===== Data provided

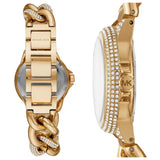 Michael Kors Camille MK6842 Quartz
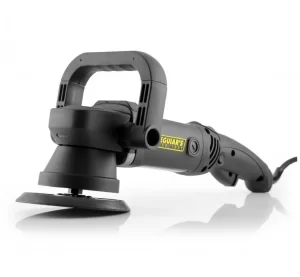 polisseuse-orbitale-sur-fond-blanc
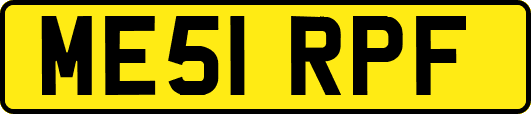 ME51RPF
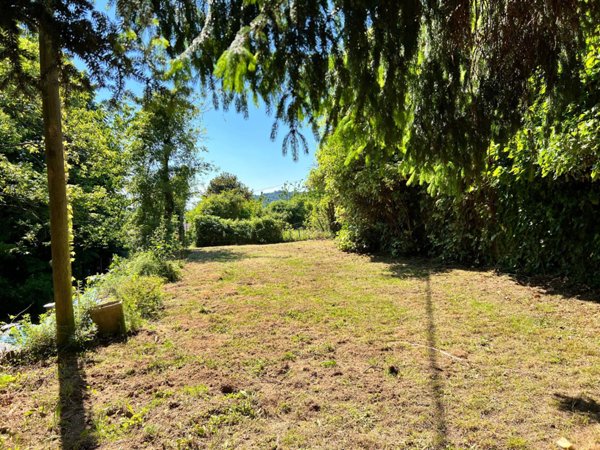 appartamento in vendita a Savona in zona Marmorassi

==========
===== Data provided

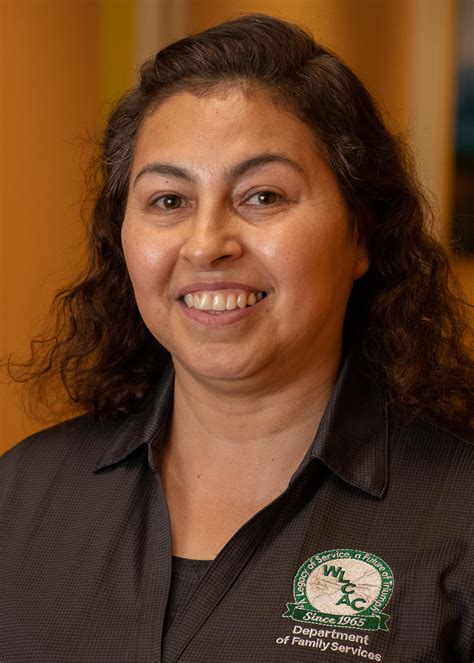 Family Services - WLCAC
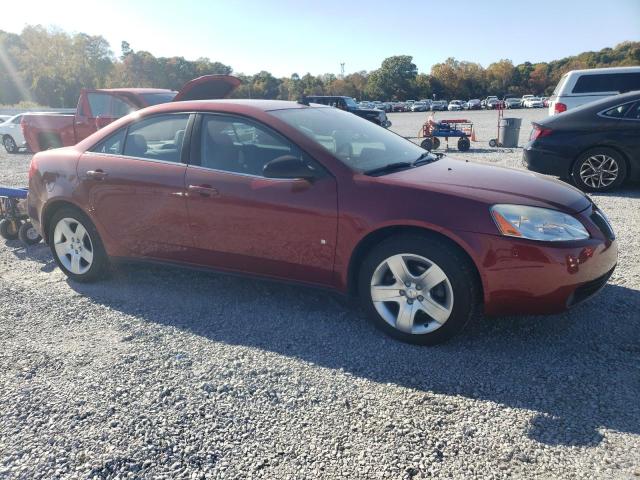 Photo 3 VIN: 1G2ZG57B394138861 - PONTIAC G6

==========

# What is being asked:
In the material above, the stretch from the line with "Family Services - WLCAC" through the line with "Photo 3 VIN: 1G2ZG57B394138861 - PONTIAC G6" is to be given again exactly, minus the pictures.

# Completed exercise:
 Family Services - WLCAC
 Photo 3 VIN: 1G2ZG57B394138861 - PONTIAC G6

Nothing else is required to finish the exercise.